Atteso che la disciplina dell’indebito trova applicazione nei casi di nullità (v. Cass., 12/5/2014, n. 10250; Cass., 15/7/2011, n. 15669; Cass., 13/4/2005, n. 7651), annullabilità (v. Cass., 10/7/2008, n. 18886; Cass., 12/12/2003, n. 19052; Cass., 1/8/2001, n. 10498) risoluzione e rescissione (v. Cass., 10/7/2008, n. 18886; Cass., 15/10/2007, n. 21587; Cass., 15/1/2007, n. 738; Cass., 1/8/2001, n. 10498) del contratto, ma anche di alienazione, deterioramento e perimento della cosa, allorquando la restituzione della cosa è divenuta impossibile per perimento o per altra causa (nella specie, vendita forzata) l’accipiens di mala fede è infatti ex art. 2037 c.c., art. 2038 c.c., comma 2 tenuto a corrisponderne il valore all’adempiente.
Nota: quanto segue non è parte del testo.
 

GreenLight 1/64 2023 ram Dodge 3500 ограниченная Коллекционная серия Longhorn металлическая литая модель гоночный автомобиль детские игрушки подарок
Correttamente la corte di merito ha dunque ritenuto nella specie divenuta impossibile (non “giuridicamente praticabile”) la restituzione in natura dell’immobile de quo acquistato dal creditore ipotecario all’esito della legittima emissione del decreto di trasferimento e di conseguenza ravvisato l’accipiens di mala fede (odierna ricorrente) tenuta a corrisponderne il valore agli originari venditori (odierni controricorrenti).
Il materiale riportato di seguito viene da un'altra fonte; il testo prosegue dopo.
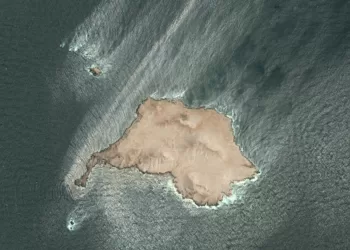 Leaking grounded oil tanker off Oman sinks further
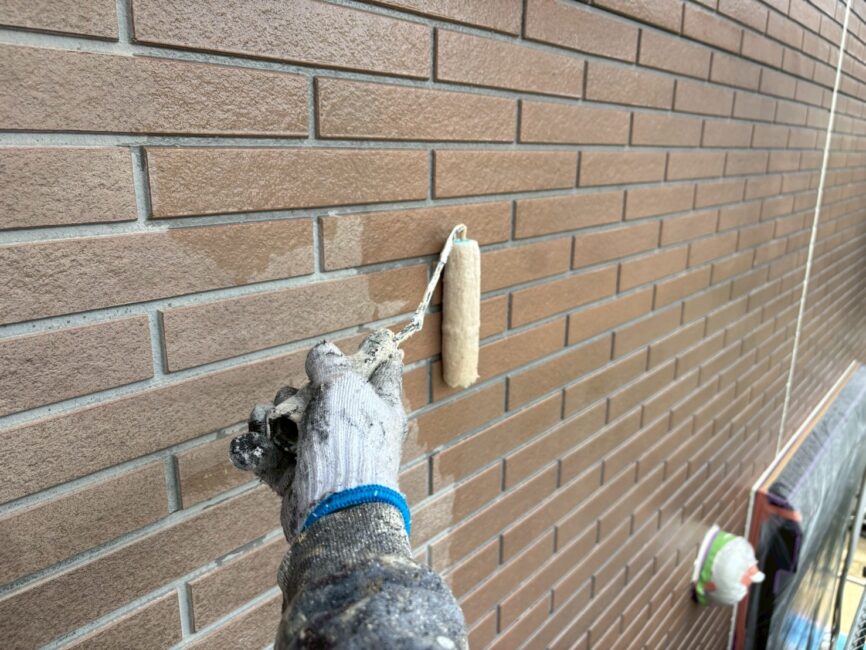 下塗り作業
Emerge dunque evidente come, lungi dal denunziare vizi della sentenza gravata rilevanti sotto i ricordati profili, le deduzioni della ricorrente, oltre a risultare formulate secondo un modello difforme da quello delineato all’art. 366 c.p.c., comma 1, n. 6, in realtà si risolvono nella mera rispettiva doglianza circa la dedotta erronea attribuzione da parte del giudice del merito agli elementi valutati di un valore ed un significato difformi dalle sue aspettative (v. Cass., 20/10/2005, n. 20322), e nell’inammissibile pretesa di una lettura dell’asserto probatorio diversa da quella nel caso operata dai giudici di merito (cfr. Cass., 18/4/2006, n. 8932).

Per tale via in realtà sollecita, cercando di superare i limiti istituzionali del giudizio di legittimità, un nuovo giudizio di merito, in contrasto con il fermo principio di questa Corte secondo cui il giudizio di legittimità non è un giudizio di merito di terzo grado nel quale possano sottoporsi all’attenzione dei giudici della Corte Suprema di Cassazione elementi di fatto già considerati dai giudici del merito, al fine di pervenire ad un diverso apprezzamento dei medesimi (cfr. Cass., 14/3/2006, n. 5443).
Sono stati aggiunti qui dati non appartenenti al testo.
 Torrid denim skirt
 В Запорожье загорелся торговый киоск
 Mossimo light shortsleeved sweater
All’inammissibilità e infondatezza dei motivi consegue il rigetto del ricorso.

Le spese, liquidate come in dispositivo in favore dei sigg. F. e G.P. – quali eredi della sig. L.M. – e il primo anche in proprio, seguono la soccombenza.

Non è viceversa a farsi luogo a pronunzia in ordine alle spese del giudizio di cassazione in favore degli altri intimati, non avendo i medesimi svolto attività difensiva.

PQM

La Corte rigetta il ricorso. Condanna la ricorrente al pagamento delle spese del giudizio di cassazione, che liquida in complessivi Euro 10.200,00, di cui Euro 10.000,00 per onorari, oltre ad accessori come per legge in favore dei sigg. F. e G.P. – quali eredi della sig. L.M. – e il primo anche in proprio, oltre a spese generali ed accessori come per legge in favore del controricorrente Comune di Trento.

Ai sensi del D.P.R. 30 maggio 2002, n. 115, art. 13, comma 1 quater, come modif. dalla L. 24 dicembre 2012, n. 228, dà atto della sussistenza dei presupposti per il versamento da parte della ricorrente dell’ulteriore importo a titolo di contributo unificato, pari a quello dovuto per il ricorso principale, a norma dello stesso art. 13, comma 1 bis.

Così deciso in Roma, il 12 ottobre 2016.